There are four combinations of coins to pay ten credits: 

ten 1-credit coins, 
one 4-credit coin and six 1-credit coins, 
two 4-credit coins and two 1-credit coins, and 
one 9-credit coin and one 1-credit coin. 

Your mission is to count the number of ways to pay a given amount using coins of Silverland. 

Input

The input consists of lines each containing an integer meaning an amount to be paid, followed by a line containing a zero. You may assume that all the amounts are positive and less than 300. 

Output

For each of the given amount, one line containing a single integer representing the number of combinations of coins should be output.

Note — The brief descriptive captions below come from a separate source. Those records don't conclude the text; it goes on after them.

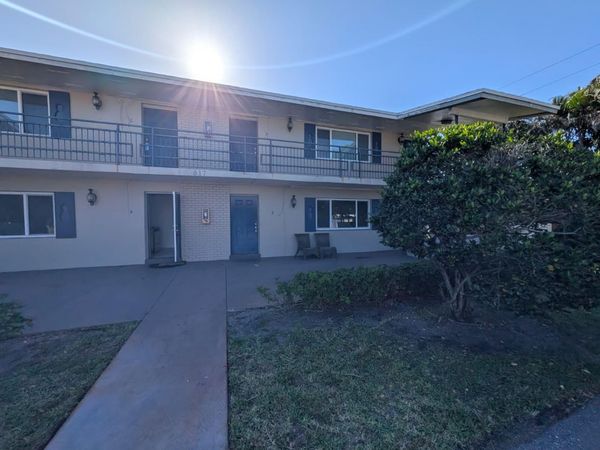 817 LIGHTHOUSE Drive, Unit B, North Palm Beach, FL 33408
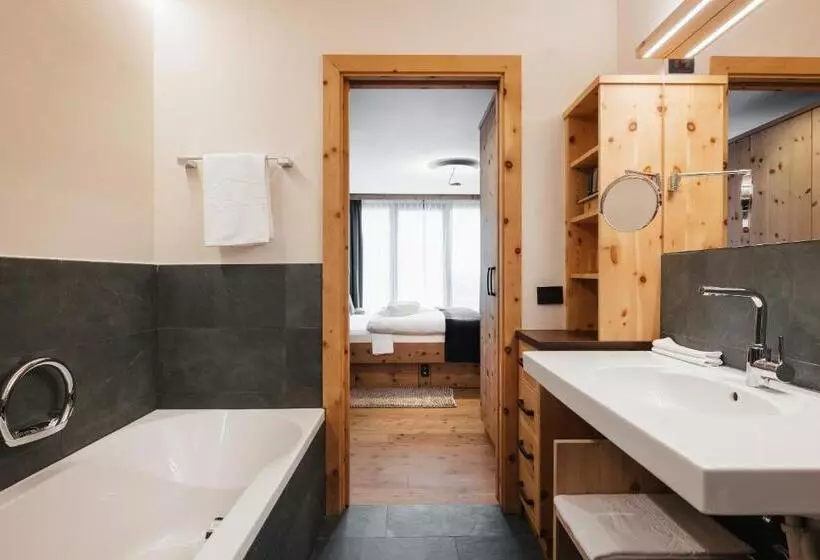 マウンテンビュースイート, Lagació Hotel Mountain Residence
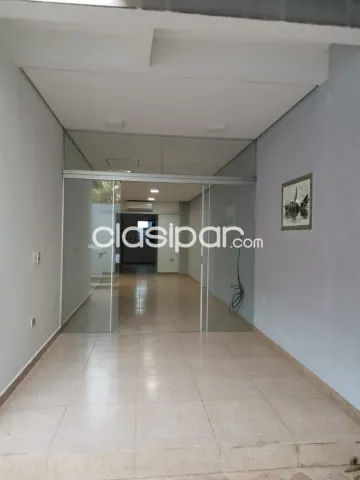 Z/municipalidad de asuncion: Impecable duplex, 3 dormitorios, jardín, piscina, foto 3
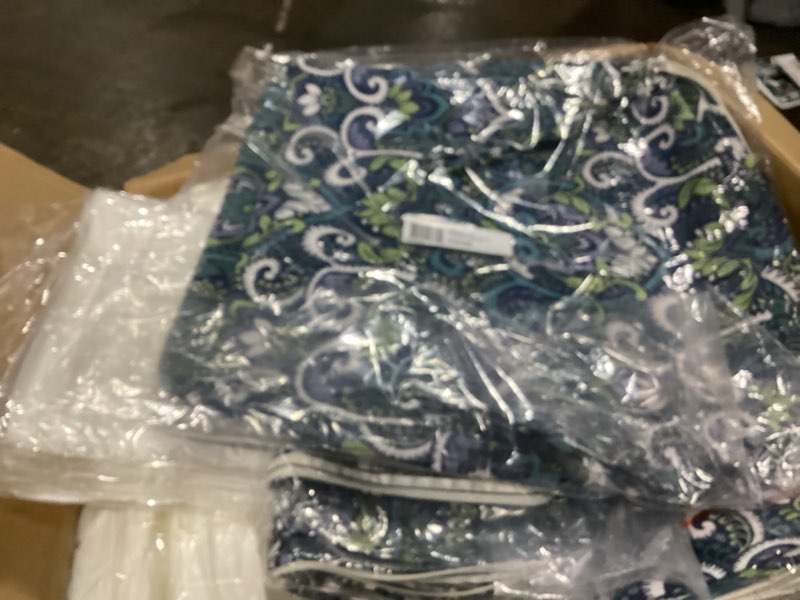Condition photo showing Good Condition for arden foam outdoor round back seat cushion kit, 20 x 19, made with profoam, rain-proof, fade resistant, sapphire aurora blue damask 20 x 19 foam rounded back seat cushion sapphire aurora blue damask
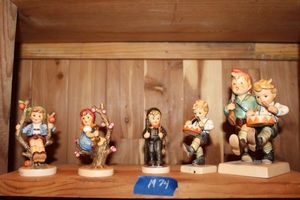 lot 74 image: MJ HUMMEL figurines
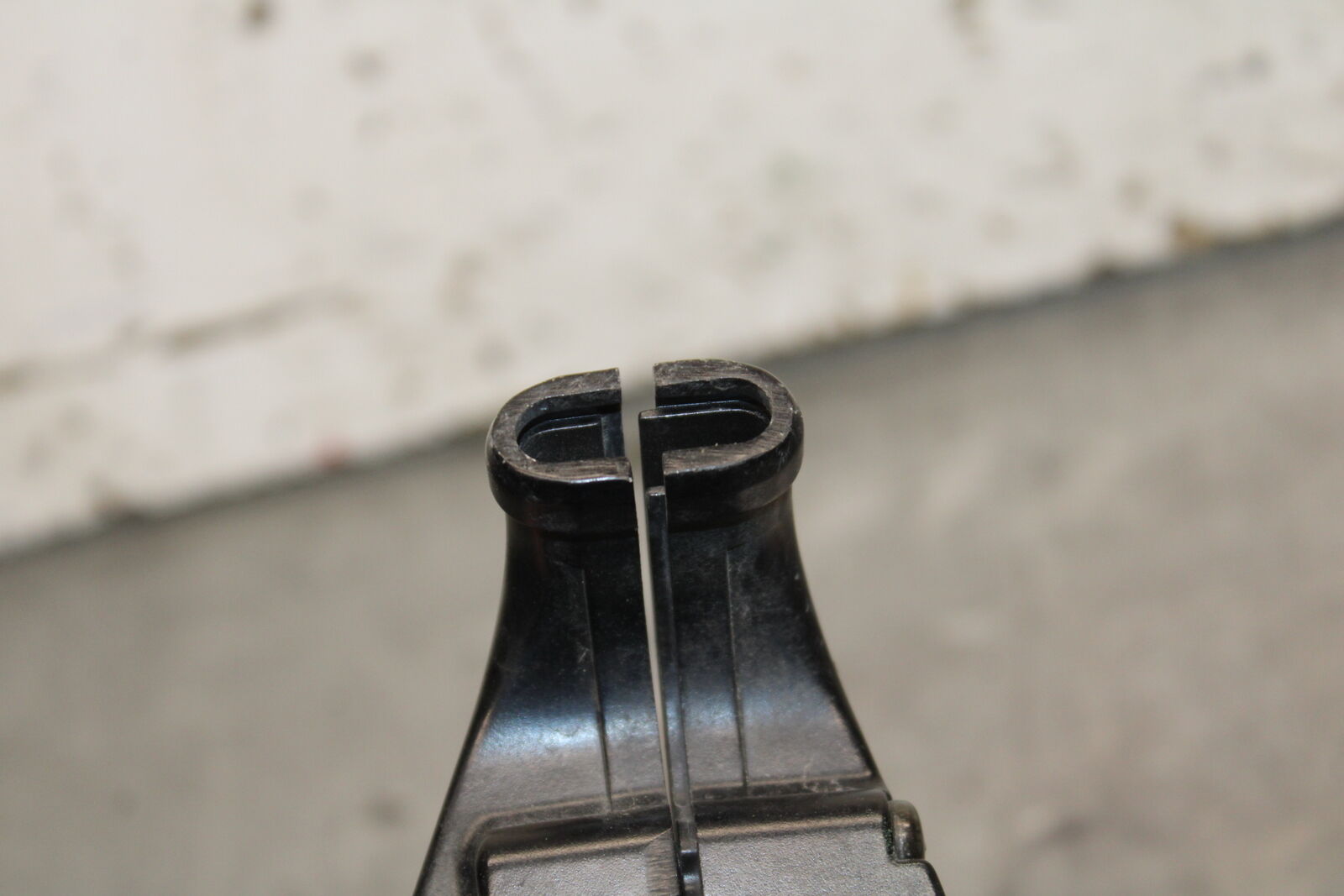 06-07 KAWASAKI NINJA ZX10R THROTTLE CABLE LINE HOUSING GUIDE BB115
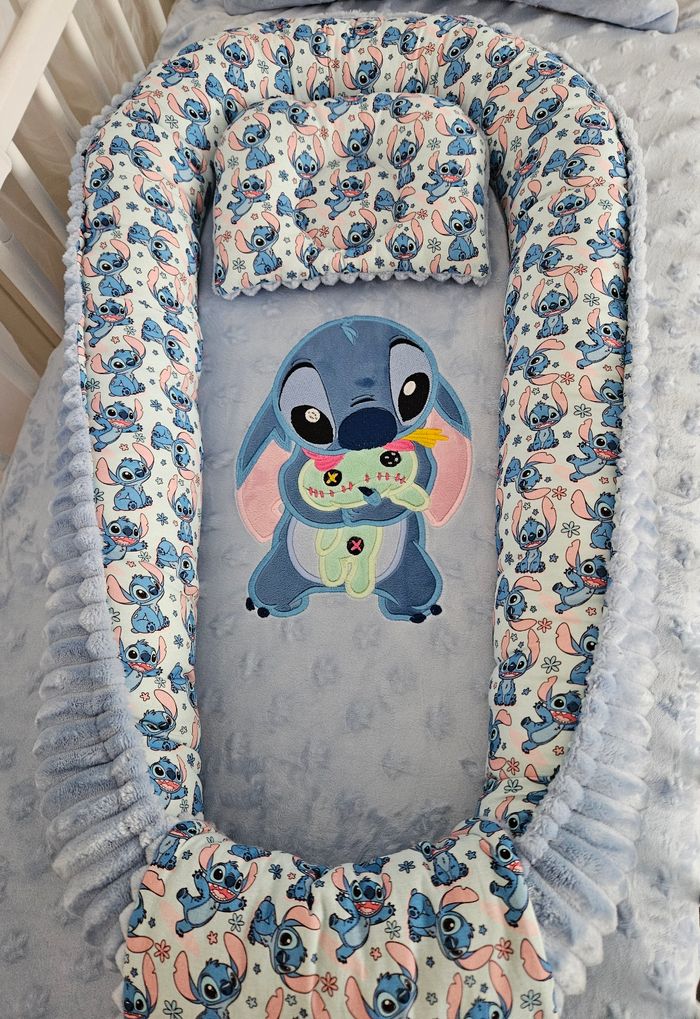 Réducteur bébé Stiche + coussin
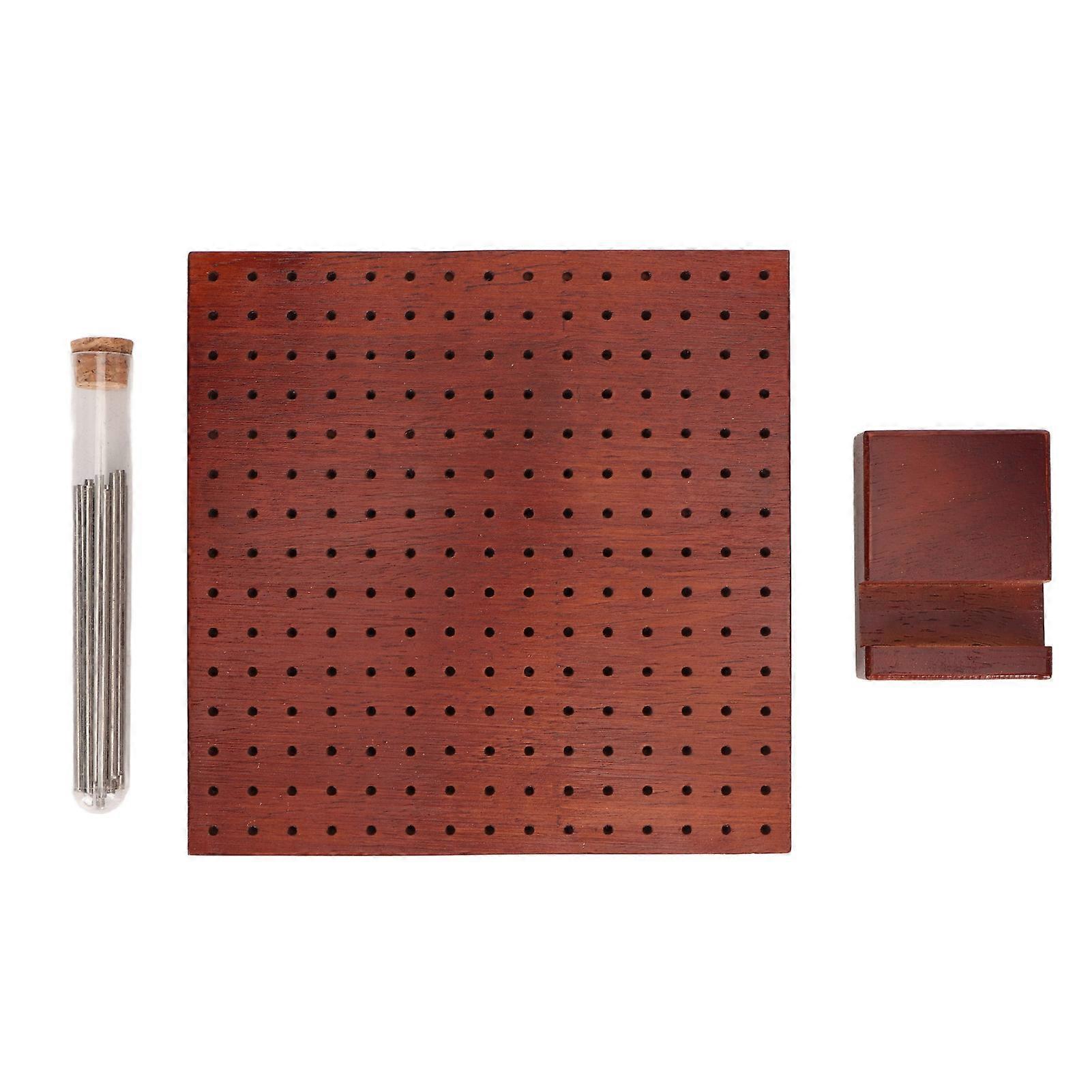 かぎ針編みのブロッキングボードかぎ針編みのおばあちゃんの正方形19.5x19.5cmを編むための木製の手作りの編み物ブロッキングマット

No other characters should appear in the output. 

Sample Input

2
10
30
0

Sample Output

1
4
27

思路：

生成函数，稍微改一下模板就可以

#include<iostream>
#include<cstdio>
#include<algorithm>
#include<cmath>
#include<cstring>
#include<queue>
#include<stack>
#include<map>
#include<set>
#include<string>
#include<vector>
using namespace std;
typedef  long long ll;
const ll MAX=2200;
int f[MAX];
ll a[MAX],b[MAX];
int main() {
	for(int i=1;i<=17;i++)
	{
		f[i]=i*i;
	}
	int n;
	while(cin>>n,n)
	{
		for(int i=0;i<=n;i++)
		{
			a[i]=1;
			b[i]=0;
		}
		for(int i=2;i<=17;i++)//总共有17种可能的硬币所以循环到17 
		{
			for(int j=0;j<=n;j++)
			{
				for(int k=0;j+k<=n;k+=f[i])//这里是枚举当前表达式指数的可能值，指数是f[i]的倍数，所以每次要加f[i] 
				{
					b[j+k]+=a[j];
				}
			}
			for(int j=0;j<=n;j++)
			{
				a[j]=b[j];
				b[j]=0;	
			}
		}
		cout<<a[n]<<endl;
	}
	return 0;
}